Dive Brief:
- The Aspen Institute, Columbia University's Teachers College and Public Agenda have joined forces on a campaign to focus on transfer, emphasizing the role of four-year schools.
- Inside Higher Ed reports the Community College Research Center at Teachers College will kick off the campaign with a report, set to be released next month and produced in conjunction with the National Student Clearinghouse Research Center that reveals, among other things, that an inadequate transfer pipeline contributes to higher ed’s equity problem.
- While many students find transferring from a community college to a four-year school comes with little support in either direction, there is variation, with exemplar partnerships like the one between Valencia College and the University of Central Florida, and the forthcoming report will break down student outcomes at four-year institutions by state, following 1.2 million students.
Dive Insight:
The push to improve the transfer pipeline out of community colleges is well-timed for multiple reasons.
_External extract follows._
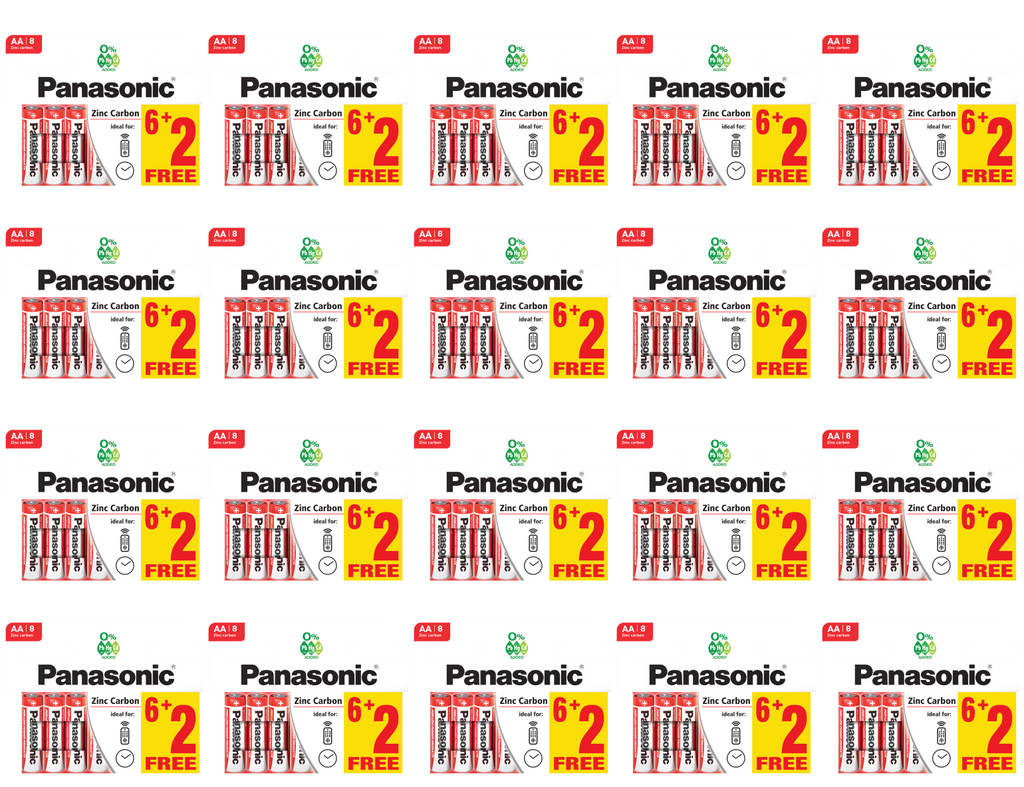 20 x Panasonic Batteries Aa 6+2 Free 8 Pack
Inside Higher Ed points out the spread of performance-based funding formulas at the state level are providing new motivation for four-year institutions to get better outcomes from transfer students and financial pressures mean transfer students can play a role in boosting enrollment revenue.
What's more, the rise in Promise programs that offer tuition-free access to community college programs is going to shift even more attention on transfer student outcomes to a new group of students, many of whom may not have chosen the two-year programs without the scholarship incentive. States must fix their "leaky" transfer pipeline to fulfill the true promise of the program.